Aims, content, resources, assessment, and some advices
This introduction is devoted to the student who is interested in getting the first general information on Systems Theory, a core module at the first year of the Management Engineering master course of the Università Cattaneo – LIUC.
If you are wondering whether to attend the classes and how to do it for getting the best from this module, including how and what to study, how your knowledge will be the assessed, etc, please read what follows.
Aims and objectives
In designing Engineering Management master courses in the Italian academic system the following specification was given:
[it is expected that] "the graduate student in Engineering Management has an adequate knowledge of the theoretical and scientific aspects of mathematics and other basic sciences and is able to use this knowledge to interpret and describe complex engineering problems, also when they require an interdisciplinary approach."

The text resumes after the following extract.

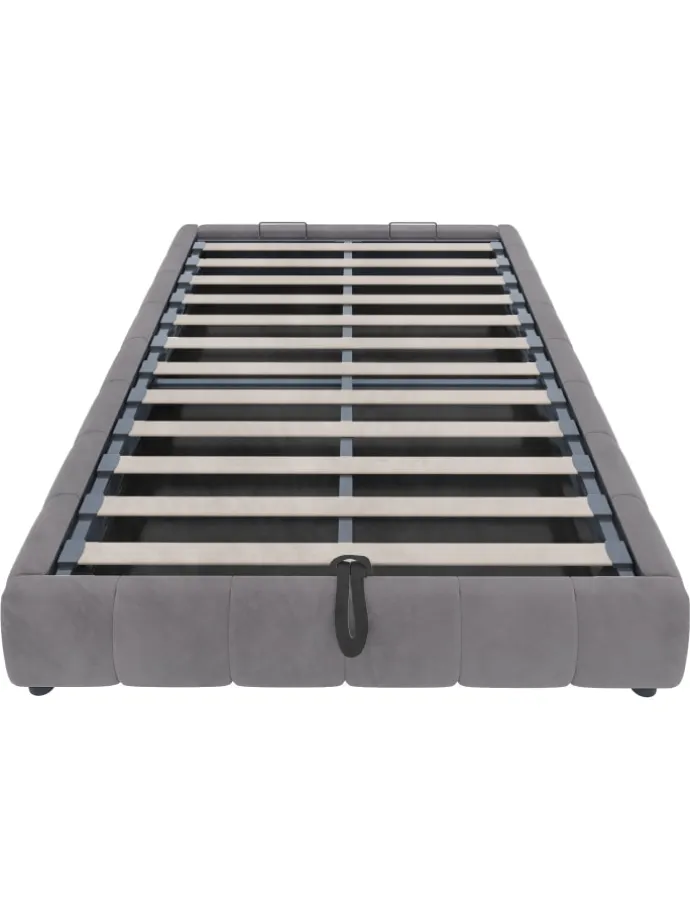 Einzelbett 140 x 200 cm Schwebebettrahmen mit Stauraum und LED-Lichtleiste, Grau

In implementing this specification, the module aims at:
- providing you with a critical insight to system thinking, i.e., the interpretation of reality in terms of systems, through the introduction of modelling techniques that exemplify oppositions such as closed-open, static-dynamic, local-global, deterministic-non-deterministic. .. with reference to the fundamental distinction between systems, models, and languages;
- offering you an opportunity to apply such modelling techniques, by learning how to build software models and to analyze their quality and performances.
In coherence with the described aims, the module alternates classes:
- in the classroom, aimed at introducing the theoretical-conceptual content of the modelling techniques, and
- in the lab, in which students, individually or in small groups, are invited to apply these modelling techniques in the solution of always increasing complexity, by means of a software system specifically aimed at the development of simulators (STGraph).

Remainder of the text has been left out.